All the nieces and nephews on my side of the family — Nico, Ava, Lydia, Leigh, Jasmine, Jamal, and Molly

Summer in New York gets hot and muggy. So it was nice that we had planned a 3-week summer “vacation” in Greece nearly a year ago. We planned the trip around a week-long family get together for my immediate family — my parents, their four kids, their spouses, and all seven grandchildren. Jim and I added a week onto each end on our own.

For many years we’ve said that our favorite country to travel in is Italy. But during this sojourn in Greece, we seriously discussed whether Greece has overtaken Italy as our favorite. Greek islands are about as close to heaven as it gets. Who needs anything more than a perfect taverna on a bright blue stretch of Mediterranean beach?

And every Greek island has its own personality. We made it to four islands in the Cyclades on this trip, and we loved every one of them.


Our first stop was the island of Paros, where we stayed in the lovely town of Naoussa at the northern tip of the island. The town just reeked with charm. We’d easily get lost in the narrow streets full of great restaurants, elegant outdoor bars, and appealing shops.

One of many amazing bars in the charming town of Naoussa

From Naoussa, you could hop a water taxi to a handful of beaches across the bay

Arriving at a beach by water taxi. Oh that water!

Did I mention the water?

I am very happy in Greece

Approaching the town again by water ferry after a morning at the beach

A seaside lunch spot on Naoussa town


Mykonos (and Santorini) are different from the other Cycladic islands. Each is incredible in its own way, but they are both considerably more touristy, crowded, and expensive than all the other islands. But it was a good choice for our family get together for a few reasons.

First, it’s hard to find a really nice rental house that can accommodate 17 people without anybody being stuck in a crappy room. I scored by finding a pair of houses with common outdoor spaces and two beautiful pools in a very nice part of Mykonos. Second, Mykonos is relatively easy to get to, with direct flights coming from various parts of Europe. And finally, there are so many beaches to visit for all flavors of tourists. Nobody is going to be bored here.

The place worked out well, and I’m confident everyone had a great week here. It’s the second year in a row that we got all 17 of us together (Tuscany last summer). And I consider myself quite fortunate because I really like every one of these wonderful people. I know that Jim and I had a great time this week, and I’m pretty confident we all did.

Me and the glorious views from our villa

There was lots of fun to be had on the day we discovered that you could sip Metaxa in the pool.

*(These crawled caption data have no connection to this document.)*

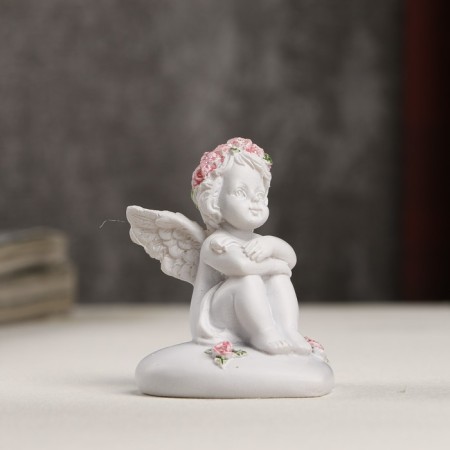 Polystone souvenir "Snowty Angel in a pink wax on the heart" 6.2x5x4.5 cm-3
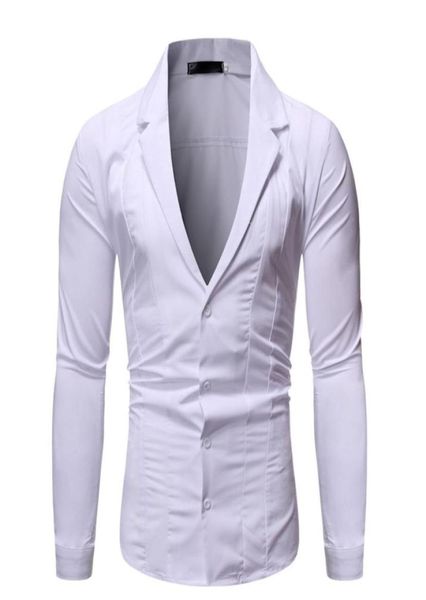 

dress shirt men039s long sleeve solid simple button cardigan casual slim fit shirt fashion men039s clothes blac8219978, White;black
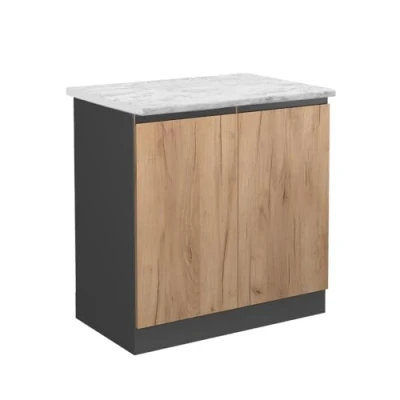 Afbeelding van Vicco Keukenonderkast R Line, Eik goud/antraciet, 40 cm WB Marmer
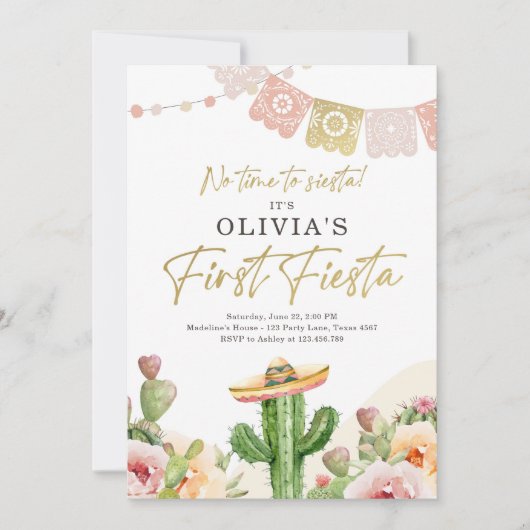 Fiesta Cactus Watercolor Girl Einladung (Vorderseite)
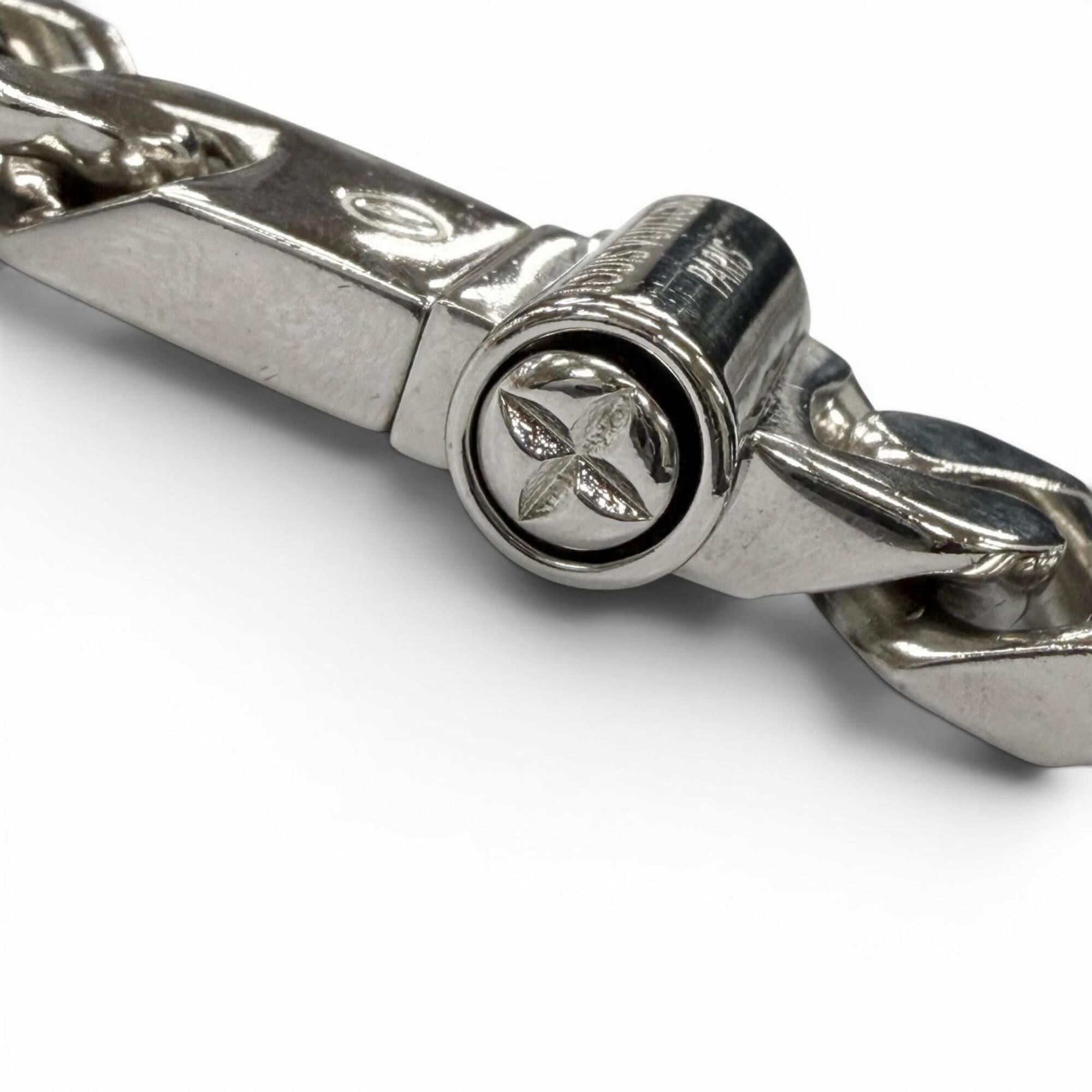 Louis Vuitton LOUIS VUITTON M68272 Collier Chain Curb Link Monogram Necklace Silver Made in Italy Men's Accessory Size ONE SIZE - 6 Thumbnail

With my fabulous sisters-in-law, Jenny and Alma

Lunch with my parents at a taverna on a beautiful beach in a remote corner of Mykonos

With my sister Jeanne

The Ann Arbor Sullivans — Molly, Jenny, Pat, and Lydia

One day most of us drove to a beach a half hour away. But Jim and Jenny decided to hike there. It was apparently somewhat treacherous.

Nico and I and our very Greeky shirts

Dinner at the villa was a fine affair every evening

Our chef displays the evening’s catch

Leigh and I trying to lure a sweet little kitten onto our patio

Lydia at an elegant lunch spot over the beach close to our villa

The San Francisco Sullivans — Nico, Jasmine, John, Alma, and Ava

A hug from my mother!


A short ferry hop from Mykonos took us to the island of Tinos. Here we stayed at hotel up in the mountains near a tiny little town called Triantaros. The town only had a couple restaurants, but they were truly gems. During the day, we hiked about an hour to get from the town down to a beach. It was a really beautiful hike, if you can overlook the part where Jim got stung by a wasp.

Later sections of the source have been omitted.